By Joe Koizumi
Photos by Boxing Beat
It was a crazy Sunday with too many important bouts in Japan. In Tokyo, Naoya Inoue, a 20-year-old Japanese youngster, so brilliantly wrested the WBC 108-pound belt with such a fine demolition of Adrian Hernandez in six lopsided rounds, while WBC flyweight ruler Akira Yaegashi kept his throne by a one-punch knockout of game and gallant Mexican Odilon Zaleta in nine competitive rounds.
The undercards were also entertaining contests with future champs therein. Former two-time national high school champ Takuma Inoue (just 2-0), 110, amazingly defeated WBA #4/WBC #5/IBF #5 Fahlan Sakkreerin Jr. (23-3, 15 KOs), 110, by a very unanimous decision (all 79-73) over eight. The 18-year-old brother of the newly crowned WBC champ Naoya also looked so talented and gifted that he beat up the more experienced son of the ex-world titlist from Thailand, battered him with more powerful combinations and piled up points very steadily. We look forward to the growth of Takuma Inoue as well as Kosei Tanaka of Nagoya, both of whom were good rivals in many amateur tournaments.

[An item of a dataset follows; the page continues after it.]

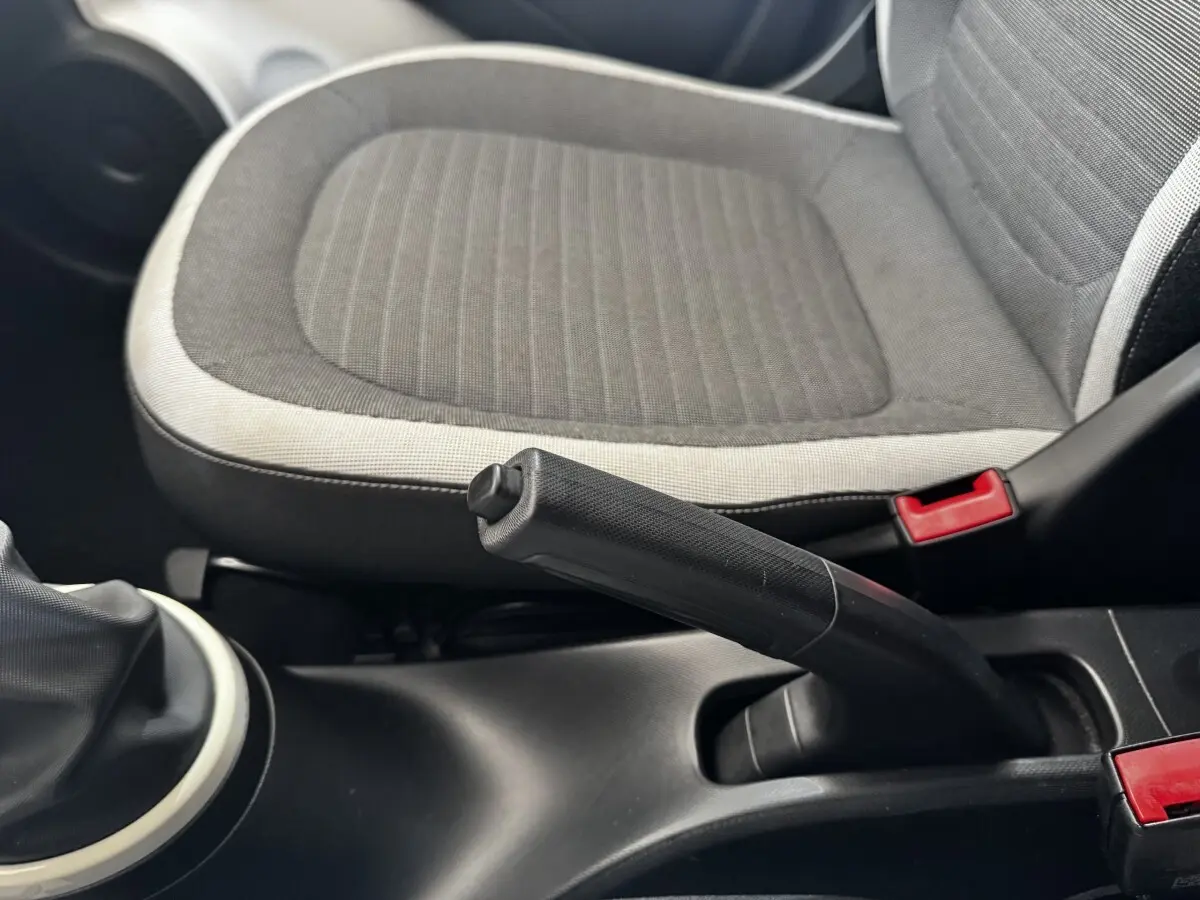 Gros plan sur le frein à main et siège avant gris clair et foncé de la Renault Twingo Intense Energy TCe 90 de 2016.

WBA #5 feather Satoshi Hosono (25-2-1, 19 KOs), 126, acquired the vacant Japanese national 126-pound belt by dispatching previously unbeaten Yuki Ogata (19-1-1, 3 KOs), 125.5, at 0:34 of the tenth and final session. The tricky Ogata had confused the onrushing hard-puncher in earlier rounds, but Hosono, three-time unsuccessful world challenger who didn’t lose in any other games but world title bouts with Poonsawan Kratingdaeng-gym (L12), Celestino Caballero (L12) and Chris John (Technial Draw 3), accelerated his attack and finally caught up with him with a flurry of punches to badly deck him once and finally halt him.
Tall and talented 115-pound hard-puncher Ryo Matsumoto (10-0, 9 KOs), 117.75, kept whipping former world challenger, shorter counterpuncher Hiroyuki Hisataka (22-12-1, 10 KOs), 117.5, by a unanimous verdict (79-73, 78-74, 77-75) over eight. Matsumoto, a Lalo Guerrero stylist with his good height, advantageous reach and hot aggression, took the initiative, battering the more experienced opponent all the way. Matsumoto is worth watching.
Roman Gonzalez (39-0, 33 KOs), 112.25, made a short work of Filipino Juan Purisima (11-3-1, 3 KOs), 112, halting him at 1:20 of the third round.
This card was presented by Ohashi Promotions in association with Teiken Promotions at the Ota Ward General Gymnasium.
In Kariya near Japan’s third biggest city Nagoya, there were also important bouts in a couple of promotions at a same venue (Aioi Hall), as follows: In the afternoon show, fast-moving Japanese southpaw Daiki Koide scored a hairline but well-received unanimous decision (97-95, 97-94, 96-94) over OPBF ranked Filipino Jose Maxian over hard-fought ten. Koide will enter the OPBF super-lightweight top ten thanks to this fine victory.
In another show at night at the same arena, Japan’s #11 super-light Ryosuke Maruki (16-2, 10 KOs) earned a close but unanimous decision (all 96-95) over OPBF ranked Filipino RJ Ano-os over ten. His welterweight younger brother Ryosuke Maruki (8-2-1, 5 KOs) dropped a hairline split duke (97-94, 96-94, 95-96) to Filipino Jaypee Ignacio (11-17-2, 2 KOs) over ten. Heavyweight Kotatsu Takehara was awarded a split nod (78-75, 77-76, 76-77) over Frenchman Cyril Leonet over eight. It’s a highly competitive crowd-pleaser.
In Mimasaka, Okayama, OPBF #10 super-feather Filipino Adones Aguelo survived an early visit to the canvas in round two, and displayed a furious retaliation so continually that he finally halted Hiroto Fukuhara at 1:26 of the eighth and final stanza. Taller lightweight Kazuhiro Nishitami won a unanimous verdict (79-73, 80-73 twice) over Filipino Gabriel Royo over eight. Fukuhara was hospitalized after his come-from-behind defeat, but he proved he was all right.
It was an extremely busy day for JBC staff and a matchmaker who covered nine bouts to see hot competitions.